Kusura bakmasın kimse bana bu bilgiler yetmiyor… Kafamda soru çok ama cevaplayan yok… Amacım akademik düzeyde çalışan genç tarihçilerin kafasında sorular yaratmak. Araştırmacıları “yeni şeyler söylemeye” heveslendirmek. Önümüzde 2022 var ve duyuyorum ki “bazıları” adeta “papağan” misali belki de farkında olmadan “İngiliz” dostlarıyla aralarını bozmamak için yine “bizi kestiler, çok kestiler” diye söylenmeye hazırlanıyorlar.

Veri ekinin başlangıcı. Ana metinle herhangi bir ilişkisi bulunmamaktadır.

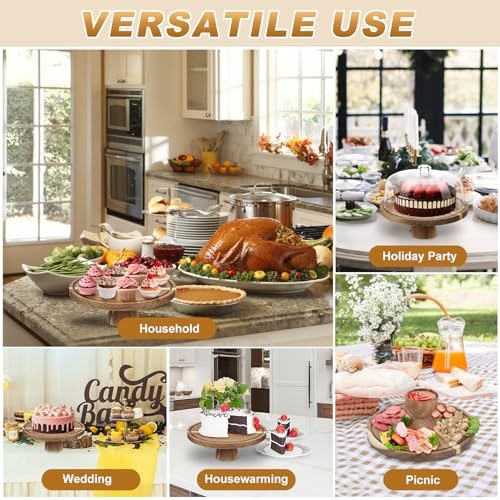 Acacia Wood Cake Stand with Lid, 12'' Round Cake Holder with Clear Acrylic gallery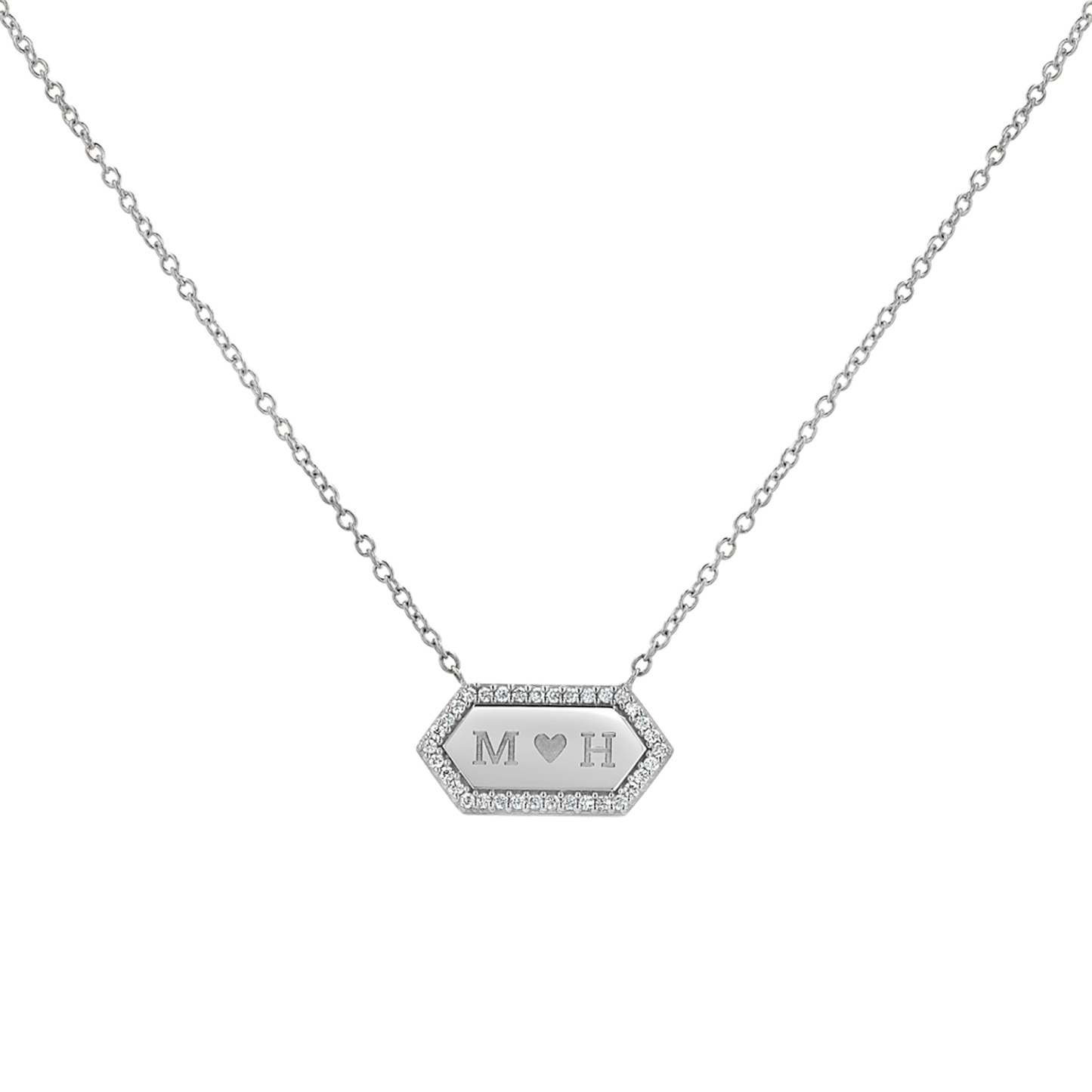 Diamond Hex Engravable Tag Necklace - Lotus Diamond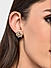 Cubic Zirconia Gold Plated Floral Stud Earring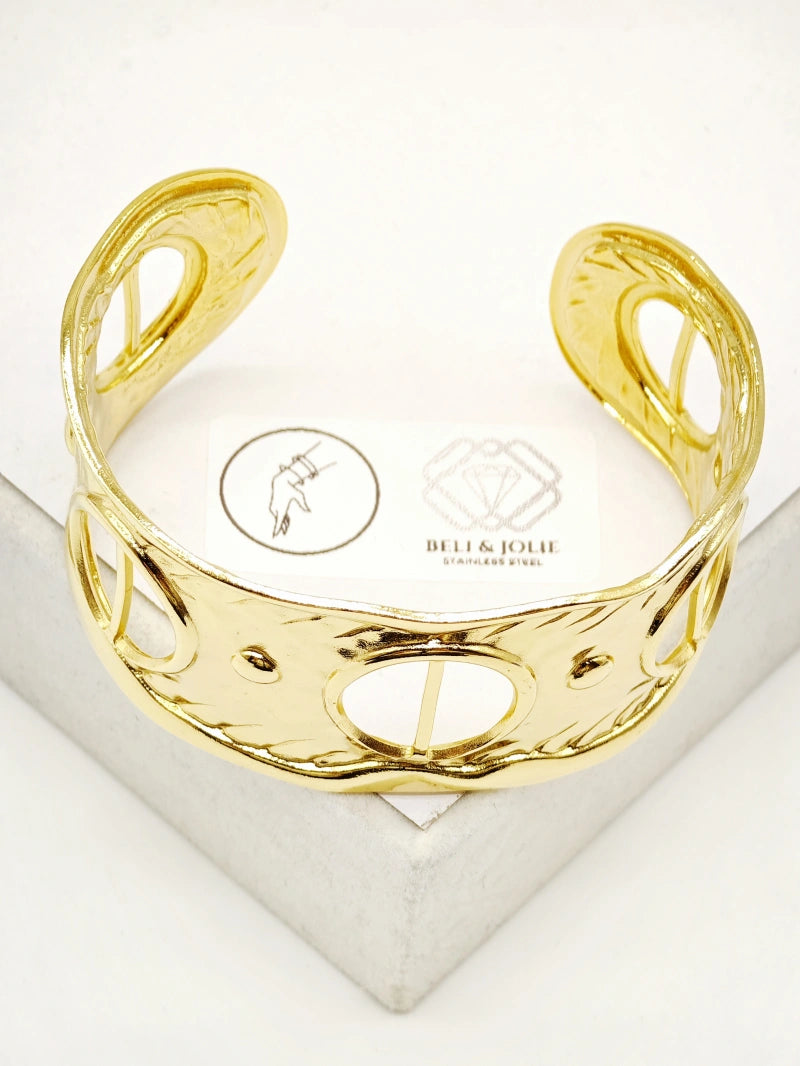 Bracelet jonc en acier inoxydable - DORÉ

Benden onlara bir tavsiye. Siz önce bana şu “Kör Pehlivan Çetesinin” başındaki “İngiliz intelejans yüzbaşıyı” bir anlatın da ondan sonra anlatın “İzmir Fecayi’sini”! Hepsi de dillerinden Atatürk’ü düşürmüyor ama, biri de çıkıp o büyük insanın “dünya barışı” için neler düşündüğünü, savaş alanında ölen düşman askerleri için neden üzüldüğünü, Venizelos’un neden Atatürk’ü “Nobel’e aday” gösterdiğini anlatmıyor, vurgulamıyor!

***

Notlarım var

30 Ekim Depremi sonrası depremzedelerin önemi neredeyse yok artık. Evlerini yitirenlere “boş kâğıda imza attırma” bile reva görüldü. Soru sorana hemen itham ve hakaret geliyor. Şu Ramazan gününde bari depremzedelerin kaygılarına hoşgörü ve sevgiyle yaklaşabilse devlet? Ama mümkün değil!

Korona virüs tedbirlerinin de aşılama programının da ne denli “boş” olduğunu artık kabul etmeyen yok. Lakin üst iradeler nasıl ve nereden bilgi alıyorlarsa, bizlerin yaşadığının aksinin olduğunu savunuyor. Böyle giderse dünyada koronadan kurtulamamış tek ülke olacağız. Ciddi bir kapanma bir yana, ilk dalgada uygulanan tedbirlerin yanına dahi yaklaşamaz bu sözde tedbirler. Bu durumdan kimler kazanıyor diye sormadan edemeyeceğim. Hükümetin kafasında bence başka bir amaç var ama nedir bilemiyorum!